A barcode encodes a number or short string as a pattern of bars and spaces that a scanner can read. This generator builds the four most common 1D symbologies — EAN-13, UPC-A, Code 39, and Code 128 — straight from their official encoding tables and renders them as crisp, scalable SVG.
How it works
Each symbology has its own rules:
- EAN-13 / UPC-A use three character sets (L, G, and R patterns of seven modules each). The first digit selects a parity pattern that interleaves L and G codes across the left half, and a modulo-10 weighted check digit guards against misreads. The tool computes that check digit and verifies any you supply.
- Code 39 maps each of 43 characters (
0-9,A-Z, and- . space $ / + %) to a fixed pattern of nine elements, framed by*start and stop characters with a narrow gap between symbols. - Code 128 set B encodes ASCII 32-126, prefixes a Start-B symbol, and appends a modulo-103 weighted check symbol before the stop pattern, giving a dense, reliable code.
The resulting bit pattern is drawn as black rectangles in an SVG with a proper quiet zone on each side and a human-readable caption underneath.
Tips and example
- For EAN-13, enter the 12 significant digits and let the tool append the 13th.
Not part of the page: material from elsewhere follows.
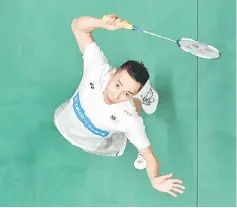  ??  ?? Datuk Lee Chong Wei plays a return to South Korea Lee Hyun Il during their Malaysia Open men’s singles match at the Axiata Arena in Kuala Lumpur. Chong Wei won 21-7, 21-7 to secure his spot in the quarter-finals. — Bernama photo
For example
590123412345becomes the valid code5901234123457. - Always keep the quiet zone (the blank margin) — the tool includes one, so do not crop tightly when you paste the SVG.
- Vector SVG stays sharp at any size; if you need a PNG, export the SVG at high resolution rather than scaling a small bitmap, which would soften the bars and risk scan failures.
- Everything is computed locally, so it is safe for internal SKUs and confidential product numbers.